#### ABOUT THIS TASK
Please start at the first line of the records beneath and quote each line exactly, ending with the line containing "Obraz premium Vibrant".

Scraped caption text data
---*---
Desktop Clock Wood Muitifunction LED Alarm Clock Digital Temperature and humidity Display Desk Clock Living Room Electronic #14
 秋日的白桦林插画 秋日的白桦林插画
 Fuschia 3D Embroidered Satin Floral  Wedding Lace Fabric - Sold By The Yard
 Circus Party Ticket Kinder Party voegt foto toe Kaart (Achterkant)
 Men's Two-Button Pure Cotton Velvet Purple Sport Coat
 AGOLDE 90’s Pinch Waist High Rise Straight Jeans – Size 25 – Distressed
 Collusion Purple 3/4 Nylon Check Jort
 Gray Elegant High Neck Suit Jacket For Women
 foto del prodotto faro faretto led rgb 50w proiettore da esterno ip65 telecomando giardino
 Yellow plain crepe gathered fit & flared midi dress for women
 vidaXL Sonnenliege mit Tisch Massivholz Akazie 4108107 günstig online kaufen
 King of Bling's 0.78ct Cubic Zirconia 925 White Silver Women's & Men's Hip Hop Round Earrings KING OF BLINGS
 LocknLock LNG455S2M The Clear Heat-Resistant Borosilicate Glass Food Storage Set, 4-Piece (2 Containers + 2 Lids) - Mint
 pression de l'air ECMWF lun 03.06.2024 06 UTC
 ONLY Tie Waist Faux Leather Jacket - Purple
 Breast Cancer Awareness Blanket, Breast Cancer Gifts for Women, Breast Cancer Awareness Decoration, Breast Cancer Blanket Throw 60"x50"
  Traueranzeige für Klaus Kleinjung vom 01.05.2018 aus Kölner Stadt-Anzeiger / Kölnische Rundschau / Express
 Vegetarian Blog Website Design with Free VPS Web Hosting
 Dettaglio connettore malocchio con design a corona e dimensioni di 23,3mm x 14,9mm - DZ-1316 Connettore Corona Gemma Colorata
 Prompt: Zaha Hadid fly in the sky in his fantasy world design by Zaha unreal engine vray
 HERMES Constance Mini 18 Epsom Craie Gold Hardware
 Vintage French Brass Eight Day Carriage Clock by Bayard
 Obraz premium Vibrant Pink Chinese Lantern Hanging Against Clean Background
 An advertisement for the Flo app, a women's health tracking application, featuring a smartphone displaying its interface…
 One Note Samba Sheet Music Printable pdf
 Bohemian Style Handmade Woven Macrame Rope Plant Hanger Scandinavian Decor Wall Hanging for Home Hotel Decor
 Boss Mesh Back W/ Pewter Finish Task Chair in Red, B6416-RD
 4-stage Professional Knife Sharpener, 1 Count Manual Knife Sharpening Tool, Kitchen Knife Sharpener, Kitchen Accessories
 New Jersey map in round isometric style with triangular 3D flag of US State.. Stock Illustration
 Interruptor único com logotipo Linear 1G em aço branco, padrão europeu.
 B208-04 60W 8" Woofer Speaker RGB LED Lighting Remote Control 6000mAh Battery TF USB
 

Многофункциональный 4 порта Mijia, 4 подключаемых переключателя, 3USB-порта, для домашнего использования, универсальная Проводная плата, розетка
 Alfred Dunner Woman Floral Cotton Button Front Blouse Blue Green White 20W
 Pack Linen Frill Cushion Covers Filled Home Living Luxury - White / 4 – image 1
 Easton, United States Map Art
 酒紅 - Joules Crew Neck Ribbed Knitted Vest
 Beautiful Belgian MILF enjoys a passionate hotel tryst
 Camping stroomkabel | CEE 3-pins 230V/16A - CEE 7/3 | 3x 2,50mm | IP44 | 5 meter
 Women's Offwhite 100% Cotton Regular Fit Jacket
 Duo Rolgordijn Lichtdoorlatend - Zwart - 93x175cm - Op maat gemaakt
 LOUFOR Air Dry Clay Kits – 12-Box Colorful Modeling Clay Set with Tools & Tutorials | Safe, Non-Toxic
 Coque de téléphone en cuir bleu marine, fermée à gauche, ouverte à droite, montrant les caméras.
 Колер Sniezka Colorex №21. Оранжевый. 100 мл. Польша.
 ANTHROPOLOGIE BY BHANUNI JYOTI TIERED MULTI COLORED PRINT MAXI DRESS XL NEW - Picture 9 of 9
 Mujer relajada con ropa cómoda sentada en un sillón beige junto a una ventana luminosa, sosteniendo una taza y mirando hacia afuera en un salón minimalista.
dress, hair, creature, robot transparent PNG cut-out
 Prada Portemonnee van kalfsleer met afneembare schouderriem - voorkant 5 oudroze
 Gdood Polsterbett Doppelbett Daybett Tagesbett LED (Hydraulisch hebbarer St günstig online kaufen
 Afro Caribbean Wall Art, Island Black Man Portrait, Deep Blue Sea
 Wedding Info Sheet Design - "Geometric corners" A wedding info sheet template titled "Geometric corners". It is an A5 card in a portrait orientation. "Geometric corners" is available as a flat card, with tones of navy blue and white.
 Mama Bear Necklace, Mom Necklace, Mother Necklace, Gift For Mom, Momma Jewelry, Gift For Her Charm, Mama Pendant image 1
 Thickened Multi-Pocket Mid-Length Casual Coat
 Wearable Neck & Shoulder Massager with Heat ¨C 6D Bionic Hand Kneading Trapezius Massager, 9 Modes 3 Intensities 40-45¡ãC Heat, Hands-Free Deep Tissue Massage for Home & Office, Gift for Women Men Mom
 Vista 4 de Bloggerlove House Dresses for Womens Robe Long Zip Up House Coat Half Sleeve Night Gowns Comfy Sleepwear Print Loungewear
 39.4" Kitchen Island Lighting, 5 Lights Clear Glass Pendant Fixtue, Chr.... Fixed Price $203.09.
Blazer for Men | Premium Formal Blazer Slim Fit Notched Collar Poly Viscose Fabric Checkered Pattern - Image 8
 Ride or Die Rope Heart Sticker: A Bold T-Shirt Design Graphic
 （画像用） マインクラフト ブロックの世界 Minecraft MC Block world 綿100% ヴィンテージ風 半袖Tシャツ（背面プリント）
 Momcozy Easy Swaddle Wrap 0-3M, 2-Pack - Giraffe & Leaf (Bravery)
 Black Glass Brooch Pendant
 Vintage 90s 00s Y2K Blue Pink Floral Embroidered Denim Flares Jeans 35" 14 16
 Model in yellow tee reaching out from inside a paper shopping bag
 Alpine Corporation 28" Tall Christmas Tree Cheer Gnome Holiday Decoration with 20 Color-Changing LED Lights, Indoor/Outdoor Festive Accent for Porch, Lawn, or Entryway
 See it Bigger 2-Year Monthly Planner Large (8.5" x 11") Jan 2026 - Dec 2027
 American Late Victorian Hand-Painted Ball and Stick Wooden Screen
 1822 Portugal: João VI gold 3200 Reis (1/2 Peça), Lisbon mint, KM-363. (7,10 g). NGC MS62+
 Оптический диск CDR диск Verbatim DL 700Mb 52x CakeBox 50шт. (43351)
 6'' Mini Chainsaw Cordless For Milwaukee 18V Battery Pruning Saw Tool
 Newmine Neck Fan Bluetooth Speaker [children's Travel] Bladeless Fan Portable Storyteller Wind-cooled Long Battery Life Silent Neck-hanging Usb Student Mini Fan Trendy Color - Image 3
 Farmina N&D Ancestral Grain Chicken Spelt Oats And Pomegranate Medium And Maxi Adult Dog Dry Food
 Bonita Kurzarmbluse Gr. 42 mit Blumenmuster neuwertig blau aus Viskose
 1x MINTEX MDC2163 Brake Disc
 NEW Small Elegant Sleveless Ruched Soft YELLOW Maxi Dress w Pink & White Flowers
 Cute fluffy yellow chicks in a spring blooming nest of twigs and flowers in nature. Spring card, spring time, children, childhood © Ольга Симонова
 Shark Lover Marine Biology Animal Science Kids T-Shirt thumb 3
---*---
#### RESULT
Desktop Clock Wood Muitifunction LED Alarm Clock Digital Temperature and humidity Display Desk Clock Living Room Electronic #14
 秋日的白桦林插画 秋日的白桦林插画
 Fuschia 3D Embroidered Satin Floral  Wedding Lace Fabric - Sold By The Yard
 Circus Party Ticket Kinder Party voegt foto toe Kaart (Achterkant)
 Men's Two-Button Pure Cotton Velvet Purple Sport Coat
 AGOLDE 90’s Pinch Waist High Rise Straight Jeans – Size 25 – Distressed
 Collusion Purple 3/4 Nylon Check Jort
 Gray Elegant High Neck Suit Jacket For Women
 foto del prodotto faro faretto led rgb 50w proiettore da esterno ip65 telecomando giardino
 Yellow plain crepe gathered fit & flared midi dress for women
 vidaXL Sonnenliege mit Tisch Massivholz Akazie 4108107 günstig online kaufen
 King of Bling's 0.78ct Cubic Zirconia 925 White Silver Women's & Men's Hip Hop Round Earrings KING OF BLINGS
 LocknLock LNG455S2M The Clear Heat-Resistant Borosilicate Glass Food Storage Set, 4-Piece (2 Containers + 2 Lids) - Mint
 pression de l'air ECMWF lun 03.06.2024 06 UTC
 ONLY Tie Waist Faux Leather Jacket - Purple
 Breast Cancer Awareness Blanket, Breast Cancer Gifts for Women, Breast Cancer Awareness Decoration, Breast Cancer Blanket Throw 60"x50"
  Traueranzeige für Klaus Kleinjung vom 01.05.2018 aus Kölner Stadt-Anzeiger / Kölnische Rundschau / Express
 Vegetarian Blog Website Design with Free VPS Web Hosting
 Dettaglio connettore malocchio con design a corona e dimensioni di 23,3mm x 14,9mm - DZ-1316 Connettore Corona Gemma Colorata
 Prompt: Zaha Hadid fly in the sky in his fantasy world design by Zaha unreal engine vray
 HERMES Constance Mini 18 Epsom Craie Gold Hardware
 Vintage French Brass Eight Day Carriage Clock by Bayard
 Obraz premium Vibrant Pink Chinese Lantern Hanging Against Clean Background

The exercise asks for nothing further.